• **Prompt**:
Please repeat the lines below, exactly and only, from the one that holds "Welcome to a" through the one that holds "Trees grow two".

[Recorded data]

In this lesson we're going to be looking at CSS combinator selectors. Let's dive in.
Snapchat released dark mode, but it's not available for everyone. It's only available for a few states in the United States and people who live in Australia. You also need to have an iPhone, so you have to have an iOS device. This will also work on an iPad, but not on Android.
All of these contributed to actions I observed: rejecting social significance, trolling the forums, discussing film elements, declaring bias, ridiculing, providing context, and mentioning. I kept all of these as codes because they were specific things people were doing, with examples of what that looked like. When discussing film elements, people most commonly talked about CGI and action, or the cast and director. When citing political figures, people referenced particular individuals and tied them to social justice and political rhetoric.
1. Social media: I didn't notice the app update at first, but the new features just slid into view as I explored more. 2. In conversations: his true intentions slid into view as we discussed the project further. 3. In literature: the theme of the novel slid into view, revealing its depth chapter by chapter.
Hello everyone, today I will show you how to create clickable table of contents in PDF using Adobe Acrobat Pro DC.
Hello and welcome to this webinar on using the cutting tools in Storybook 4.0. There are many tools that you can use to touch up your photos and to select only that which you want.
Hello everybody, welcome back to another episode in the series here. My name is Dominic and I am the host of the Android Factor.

[/Recorded data]
[Recorded data]

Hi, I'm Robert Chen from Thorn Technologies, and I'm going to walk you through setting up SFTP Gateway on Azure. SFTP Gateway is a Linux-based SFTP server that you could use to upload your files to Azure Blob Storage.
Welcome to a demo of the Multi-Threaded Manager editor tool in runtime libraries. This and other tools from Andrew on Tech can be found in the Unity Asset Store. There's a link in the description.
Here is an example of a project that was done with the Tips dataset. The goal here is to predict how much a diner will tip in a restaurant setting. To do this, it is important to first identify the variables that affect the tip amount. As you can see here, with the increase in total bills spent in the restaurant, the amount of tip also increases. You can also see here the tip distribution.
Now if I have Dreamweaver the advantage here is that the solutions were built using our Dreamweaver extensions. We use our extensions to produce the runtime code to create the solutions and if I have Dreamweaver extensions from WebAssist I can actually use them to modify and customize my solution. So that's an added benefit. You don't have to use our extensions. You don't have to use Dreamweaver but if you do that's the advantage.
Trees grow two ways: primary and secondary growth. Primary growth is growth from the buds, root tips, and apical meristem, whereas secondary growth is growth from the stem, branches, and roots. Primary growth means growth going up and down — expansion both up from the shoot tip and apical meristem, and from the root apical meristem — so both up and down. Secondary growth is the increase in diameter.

[/Recorded data]
[Recorded data]

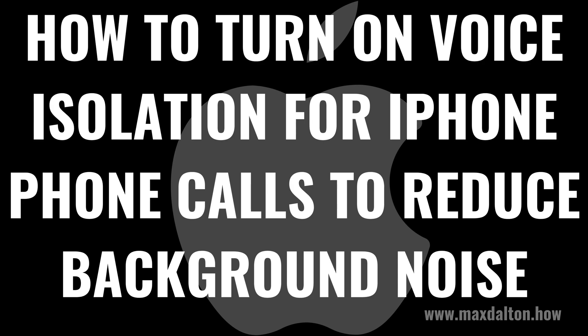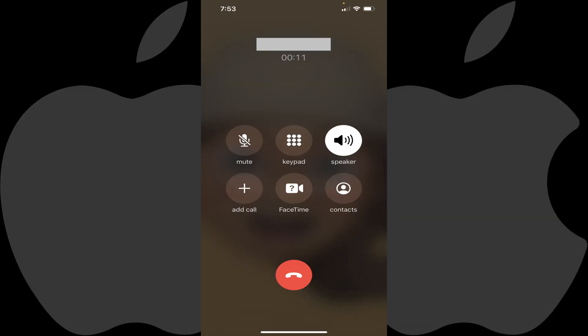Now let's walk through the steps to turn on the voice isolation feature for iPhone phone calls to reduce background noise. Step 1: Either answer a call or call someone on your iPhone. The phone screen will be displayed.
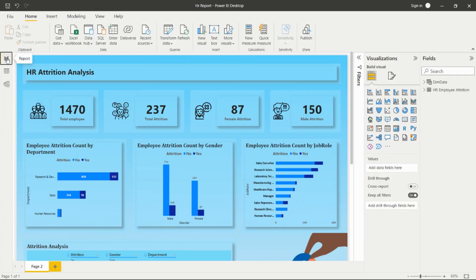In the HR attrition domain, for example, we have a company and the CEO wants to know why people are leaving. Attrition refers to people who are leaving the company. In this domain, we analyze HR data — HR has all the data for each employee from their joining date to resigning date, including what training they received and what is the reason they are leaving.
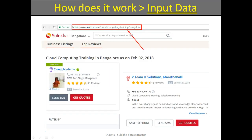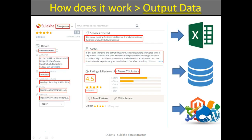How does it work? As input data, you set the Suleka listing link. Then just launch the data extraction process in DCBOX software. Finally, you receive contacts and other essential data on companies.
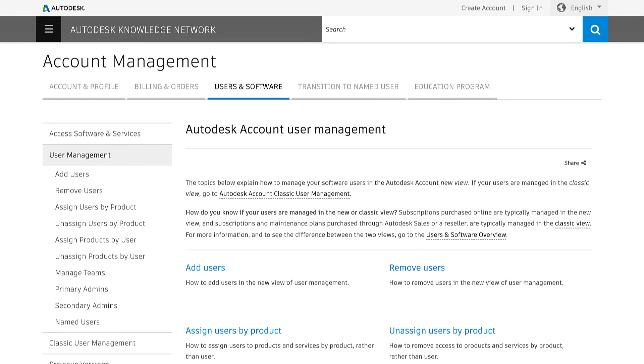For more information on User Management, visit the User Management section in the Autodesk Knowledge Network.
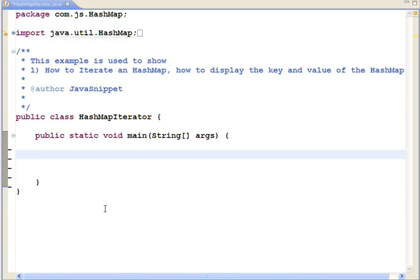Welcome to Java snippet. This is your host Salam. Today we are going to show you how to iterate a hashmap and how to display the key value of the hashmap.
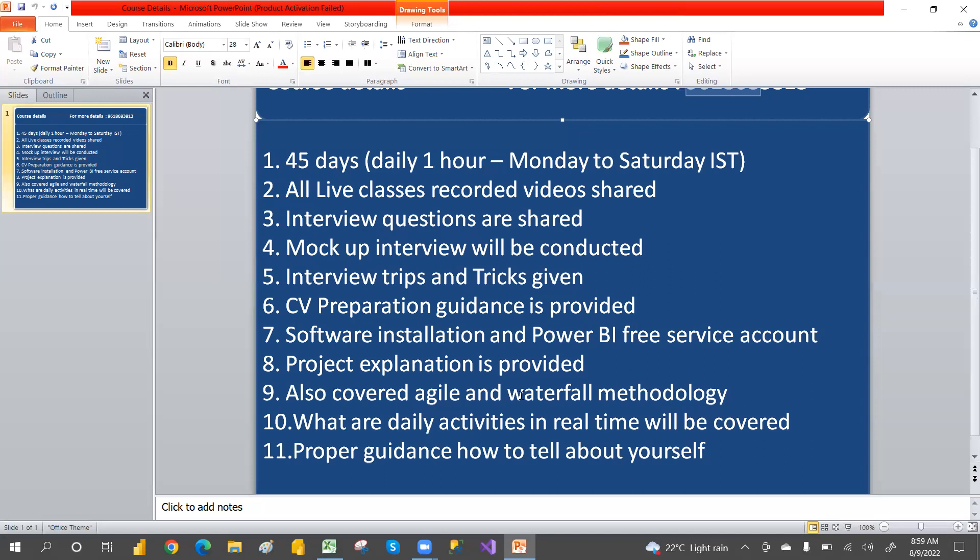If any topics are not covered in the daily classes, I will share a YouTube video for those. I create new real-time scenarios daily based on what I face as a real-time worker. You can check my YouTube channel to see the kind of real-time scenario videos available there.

[/Recorded data]

• **Written solution**:
Welcome to a demo of the Multi-Threaded Manager editor tool in runtime libraries. This and other tools from Andrew on Tech can be found in the Unity Asset Store. There's a link in the description.
Here is an example of a project that was done with the Tips dataset. The goal here is to predict how much a diner will tip in a restaurant setting. To do this, it is important to first identify the variables that affect the tip amount. As you can see here, with the increase in total bills spent in the restaurant, the amount of tip also increases. You can also see here the tip distribution.
Now if I have Dreamweaver the advantage here is that the solutions were built using our Dreamweaver extensions. We use our extensions to produce the runtime code to create the solutions and if I have Dreamweaver extensions from WebAssist I can actually use them to modify and customize my solution. So that's an added benefit. You don't have to use our extensions. You don't have to use Dreamweaver but if you do that's the advantage.
Trees grow two ways: primary and secondary growth. Primary growth is growth from the buds, root tips, and apical meristem, whereas secondary growth is growth from the stem, branches, and roots. Primary growth means growth going up and down — expansion both up from the shoot tip and apical meristem, and from the root apical meristem — so both up and down. Secondary growth is the increase in diameter.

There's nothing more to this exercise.